サラリーマン行政書士の読書日記

本ブログは、サラリーマン行政書士である私が、本業、副業、中小企業診断士に挑戦若しくは奮闘する様及び読書記録を綴るブログです。



契約書の印紙税、そこまで節税しますか?

こんばんは。

 

 

サラリーマン業としての一年は明日で終了です。

行政書士としての仕事もなんとか年内に一件完了いたしました。

行政書士としての次のお仕事はいつになることやら。

 

さて、4月頃から会社法務担当として契約書の作成、修正を行うようになりましたが、簡素なものも含めると、30件以上のリーガルチェックを行いました。

まだまだ参考書片手にですが、盛り込むべき条文や言い回しの仕方など、多少は身についてきました。

 

昨日、グループ会社の三者契約書を作成した際は、先方役員にもお褒めのお言葉頂き、少し舞い上がってしまった次第です。

法律というものは、勉強中は何となく味気ないもののように感じますが、いざ実務、契約書となると、一気に相手の顔、目的物、力関係、ビジネスの全体像が見えてきてとても面白いものです。

年が明けたらまた大きな契約書の作成が控えているので、ますます勉強していかなければなりませんね。

 

そんなこんなで法務業務を行なっていると、いろんな契約書に出会います。

なかでも今気になっているのは、文言を工夫して印紙税を節税するというもの。

 

契約書のなかには、印紙税法上の7号文書というものに該当するものがあります。

新規のお取引を開始するときによく締結する取引基本契約書も、通常7号文書に該当するものです。

 

通常、ということは、そうでない場合もあるということ。

契約書で通常定めるいくつかの項目を確定させないことで、7号文書の対象外となります。

7号文書に該当するものとして

・目的物

・数量

・単価

・支払方法

・損害賠償の方法

 これらを満たすことが挙げられますが、反対解釈として、これらを確定させないでおけば、7号文書に該当しないということになります。

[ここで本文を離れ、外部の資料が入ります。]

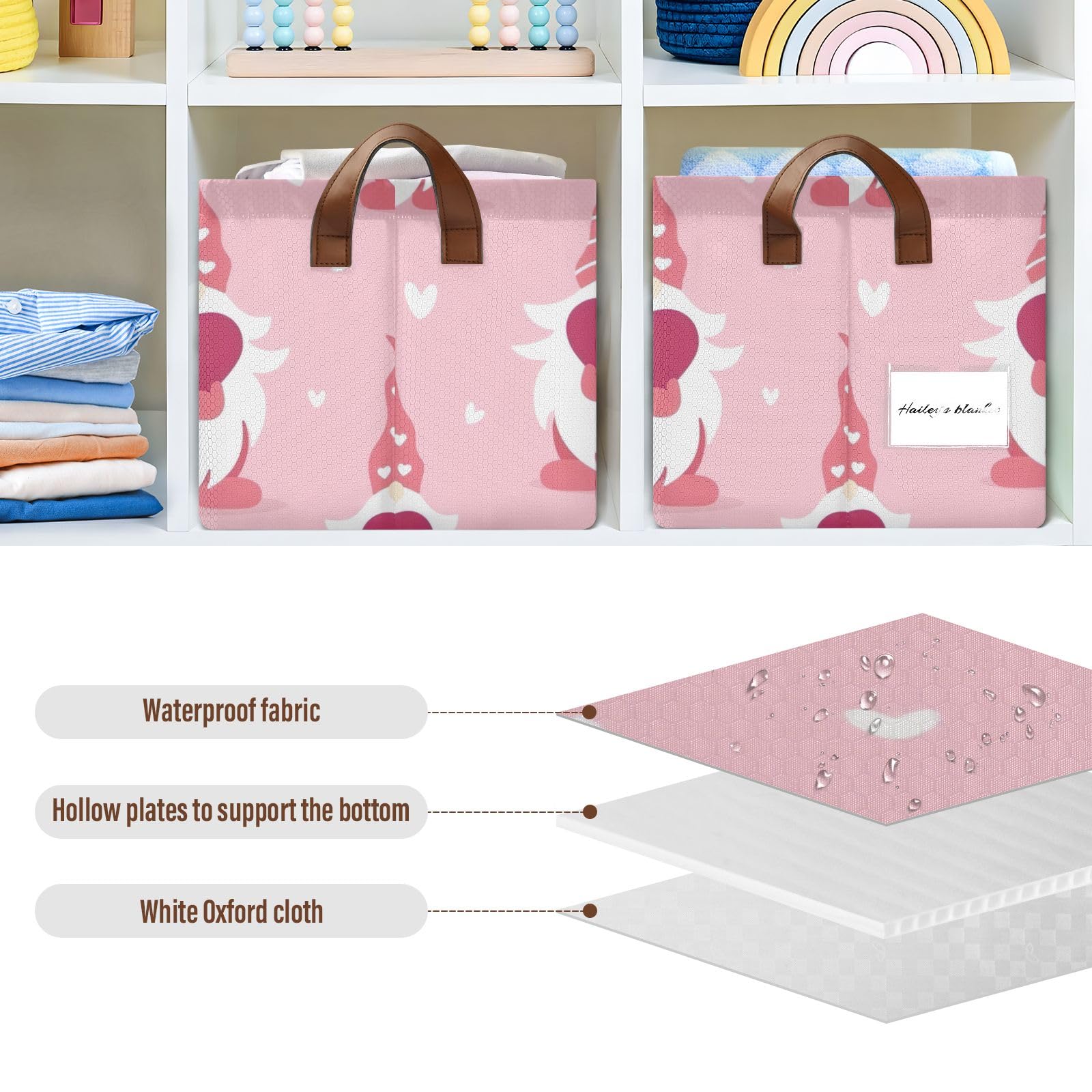 Durable Stackable Storage Bins for Pantry Organization - Halloween Basket Stuffers & Valentine's Gnome Design - Perfect for Home, Office, and Seasonal Decor Storage
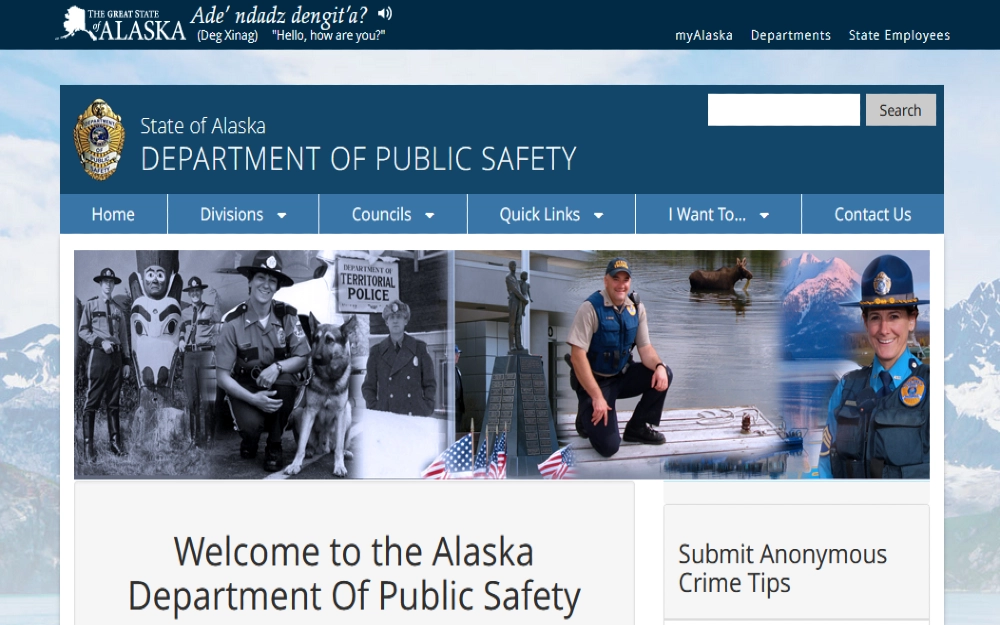 Alaska Department of Public Safety website screenshot.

7号文書以外のものに該当することもありますので注意は必要ですが。

 

甲乙二通作成すれば両社で4,000円ずつ印紙税を貼るところ、貼らなくてよいとなると大きな節税です。

基本契約書などはお客様の数だけ結ぶということになるので、100件締結すれば400,000円の節税です。

毎回結び直すものではないので、均してしまえばもっと小さいですが、文言一つで節税できるなら、やらない手はありません。

と思いきや、という話ですよ。

 

大手はしっかりとした弁護士さん、経験豊富な法務部門が契約書を作成するので、不足なく節税もできる契約書の雛形を作成できるのでしょう。

 

でも、中小企業はそうはいかない。

実際、これネットで拾ってきたか、そのコピペでしょ?という契約書が差し入れられてくることもしばしば。

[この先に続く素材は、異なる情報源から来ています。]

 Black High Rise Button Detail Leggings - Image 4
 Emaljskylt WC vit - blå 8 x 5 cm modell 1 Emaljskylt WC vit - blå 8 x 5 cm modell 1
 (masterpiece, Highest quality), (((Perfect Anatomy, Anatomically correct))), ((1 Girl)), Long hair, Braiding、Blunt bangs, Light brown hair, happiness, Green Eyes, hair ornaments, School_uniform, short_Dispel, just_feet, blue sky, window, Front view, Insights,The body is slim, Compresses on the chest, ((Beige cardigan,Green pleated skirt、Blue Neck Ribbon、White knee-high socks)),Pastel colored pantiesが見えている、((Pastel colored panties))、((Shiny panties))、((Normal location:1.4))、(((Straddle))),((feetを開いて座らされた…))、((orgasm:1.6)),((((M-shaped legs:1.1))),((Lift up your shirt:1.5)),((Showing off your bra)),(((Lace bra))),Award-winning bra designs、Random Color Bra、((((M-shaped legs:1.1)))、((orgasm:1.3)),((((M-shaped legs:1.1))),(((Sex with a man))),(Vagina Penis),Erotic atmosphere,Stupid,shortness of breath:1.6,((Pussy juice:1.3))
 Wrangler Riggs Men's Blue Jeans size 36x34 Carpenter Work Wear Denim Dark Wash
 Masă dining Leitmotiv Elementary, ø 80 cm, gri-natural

そういうものの中に、上記のようなスキームを「用いよう」とした契約書も見られます。

でも、あまり分かっていないのにこのような契約書を作成すると、「別途協議することを定めた契約書」が出来上がってしまうこともしばしば。

 

節税は大いに結構だと思います。

でも、元々、なんで契約を書面に残そうと思ったのか、その趣旨を外しては意味がありません。

 

契約書を結ぶことは手段であって目的ではないのは当たり前なのですが、色々とこねくり回した結果、目的を喪失してしまったか、別のものに差し変わってしまったかのような契約書を目にすることがあります。

 

行政書士は、弁護士のように争いのある法律関係に首を突っ込むことは出来ません。

行政書士の範囲は予防法務と呼ばれるものです。

 

契約書実務をやっていて、まさにこれは行政書士の範囲なんだなぁと思っています。

新たなビジネスを行うにあたり、先んじて協議し、それを書面に残す。

これによりその後の取引のルールが明確化され、事業のコアな部分のみに注力できる。

 

この、コアな部分に注力、というのは、法務の世界だけのことではありません。

 

今はあらゆる間接業務にアウトソーシングサービスが存在します。

間接業務どころか、直接部門の一つをアウトソースすることだってあります。

営業活動をアウトソースして製造に注力するメーカー。

一方でファブレス化などして営業活動、マーケティングに注力するメーカーも。

企業は自社のコアに注力できる土台作りに余念がありません。

 

予防法務をしっかりと行うことは、上記と同様にコアに注力できる土台作りに他なりません。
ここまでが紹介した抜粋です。